Pharmacological properties Vesicare 5 mg:
Vesicare in vitro studies and in vivo studies revealed that Solifenacin is a competitive specific antagonist of cholinergic receptors primarily M3 subtype. Solifenacin has a low affinity for other receptors and ion channels.
The therapeutic effect of the drug, which was studied in several double-blind, randomized, controlled clinical trials in men and women with overactive bladder syndrome, observed already in the 1st week of treatment and stabilized during the following 12 weeks of treatment. The maximum effect of the drug can be observed already after 4 weeks. The efficacy of long-term use remains.
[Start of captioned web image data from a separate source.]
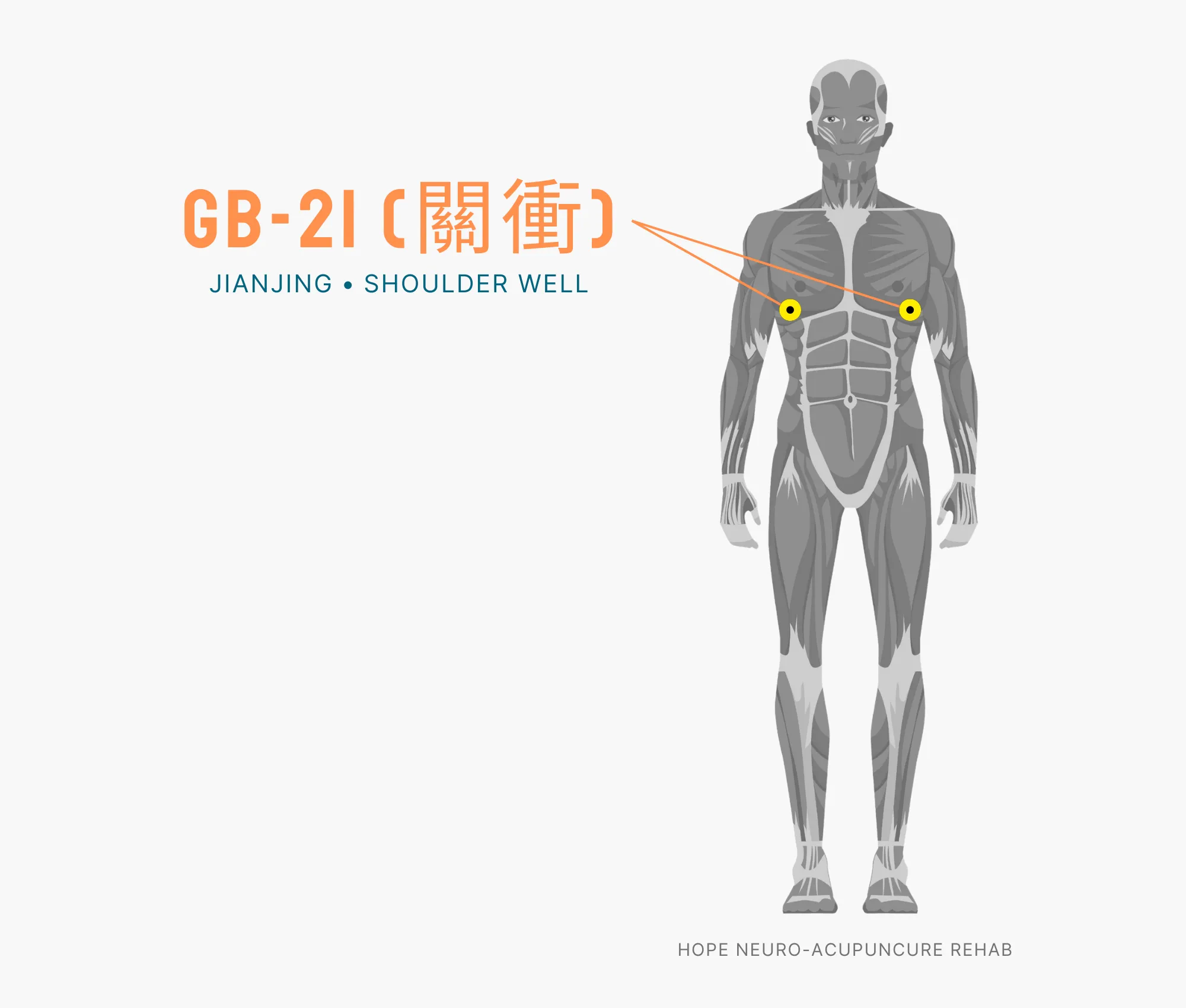 Diagram Showing Where the GB-21 Acupuncture Point (also known as Jianjing or Shoulder Well) is within the Gallbladder Meridian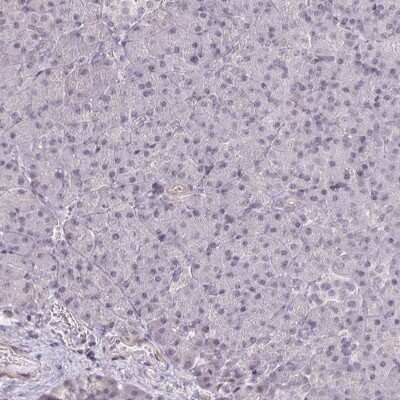 Immunohistochemistry-Paraffin: Glypican 5 Antibody [NBP2-48723]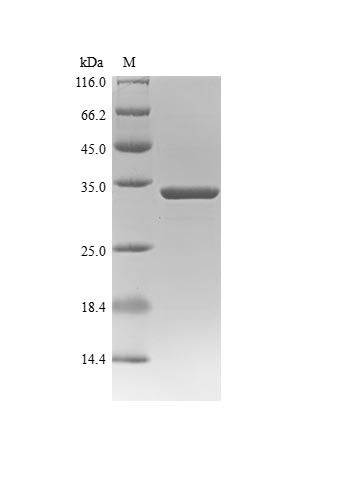 Recombinant Sudan ebolavirus Nucleoprotein(NP),partial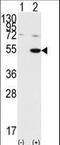 Glycogen Synthase Kinase 3 Alpha antibody, LS-B10711, Lifespan Biosciences, Western Blot image 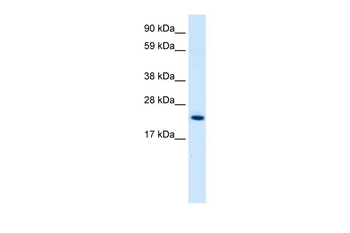 HMGB3 Rabbit Polyclonal Antibody
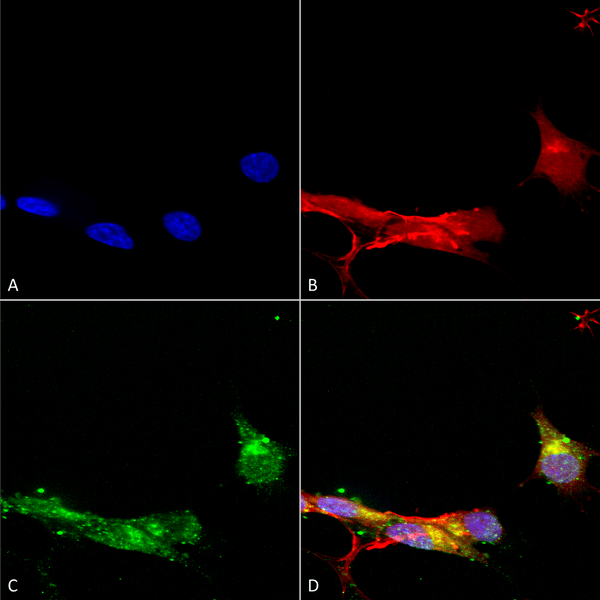 Mouse Anti-mGluR1/5 Antibody [N75/33] used in Immunocytochemistry/Immunofluorescence (ICC/IF) on Human Neuroblastoma cells (SH-SY5Y) (SMC-407)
After oral administration, maximum concentration of solifenacin plasma levels achieved in 3-8 hours time to reach maximum plasma concentration is independent of dose. The maximum concentration and AUC increased in proportion to dose in the range 5-40 mg. The absolute bioavailability of approximately 90%. Food intake has no effect on the maximum concentration and AUC. Volume of distribution of solifenacin after i / v administration of approximately 600 liters. Solifenacin is largely (about 98%) is bound to plasma proteins, mainly α1-acid glycoprotein.
Solifenacin is actively metabolized in the liver, primarily by cytochrome P450 3A4 (CYP 3A4). Systemic clearance of solifenacin is approximately 9.5 l / h, the final period of its half-life 45-68 hours after oral administration of the drug in blood plasma, except for solifenacin were identified by a pharmacologically active (4R-gidroksisolifenatsin) and three inactive metabolites (N-glucuronide , N-oxide and 4R-hydroxy-N-oxide solifenacin).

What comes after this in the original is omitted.